MILLER: No. The cost of living is generally higher in America and there are a lot of sectors of the economy that cannot be moved overseas. A lot of the processes going into an automobile are going to stay in America. There's a lot of assembly activity here because it is economical. And then you have all the service industries and knowledge industries and everything else that are inclined to be in America. But there will be fewer unskilled jobs that will be paid at the very high rates we've seen. Globalization is forcing us to recognize these cost problems and deal with them forthrightly. If we want to have an average standard of living in America that is higher than other countries then we need to have better educated people than other countries. The policy prescription is let's do something better in terms of education of our kids. We [also] need to look at all the social costs [imposed] on the process of production. Trying to load all of our health care burden in a very inefficient healthcare system on to the productive sectors of our society—all you do is drive that production elsewhere. So there are some things we can do to stop the exodus of American jobs through public policy.

TIME: Is the U.S. government doing everything it can?

MILLER: No. Health care is very much at the top of the list of things where we can do better as a country.

TIME: Why is nothing getting done on the governmental level?

MILLER: Most things that can be done will involve some level of shared sacrifice between business, labor and government. But each group wants someone else to bear that sacrifice. Its a difficult political job. I don't underestimate it. The one useful purpose perhaps that the startling event of a Delphi bankruptcy can bring is a wake-up call so we can all get to work on the things that are bothering the auto industry and in fact all of America's industrial production.

TIME: What other industries do you expect will be affected?

MILLER: The traditional, large employer, concentrated, capital-intensive industries and one after another they are hitting the wall.

TIME: Even with the new efficiency we may get from restructuring, isn't stiff competition from foreign automakers also hurting U.S. manufacturers? MILLER: The Japanese are not a low-cost country. They are a high-cost country. But they early on figured out that technological excellence was a way to win and efficiency in the factories was a way to win. And they have done a much better job particularly on factory efficiency than we have. Part of that goes to the cumbersome work rules that so crippled the steel industry, the airline industry and are crippling the auto industry. And that's one of the things we're going to be dealing with as we go about revising our labor contracts.
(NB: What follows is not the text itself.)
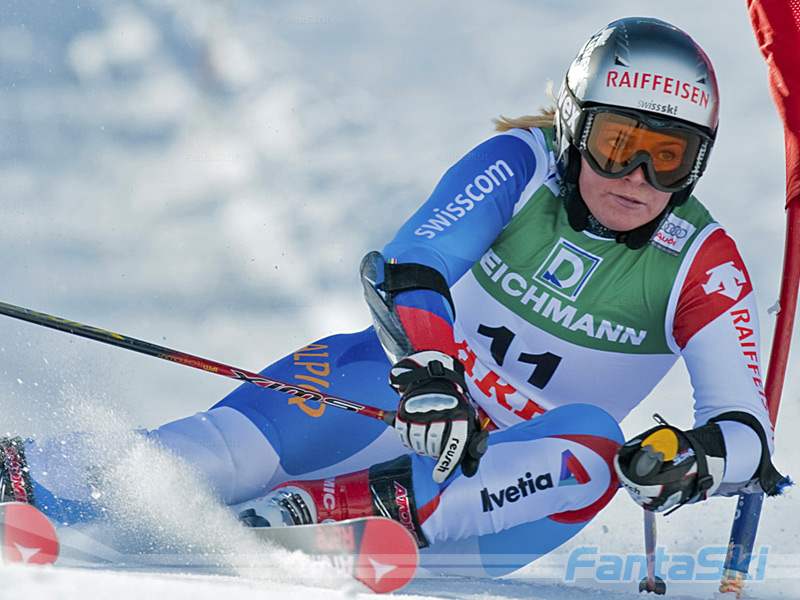 Lara Gut in allenamento a Saas Fee il giorno 

prima dell'infortunio all'anca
TIME: Did excess power on the part of labor help lead to the current crisis?

MILLER: Excess is a pejorative word. But the fact is there has been collective denial of the need to become more productive. We need to clean up our own act. And cleaning up our own act means getting competitive on wages and benefits. We just need to be competitive with other American industrial companies. Our unions have contracts that are at one-half to one-third higher than the cost level at competitive supplier companies. And those people still buy cars and live in homes. What we're talking about is not breaking the unions. We're talking about getting competitive. If you work at Delphi you may have to buy a Chevrolet instead of an Escalade. I was talking to some hourly workers at Boeing and they can't buy a Boeing airplane.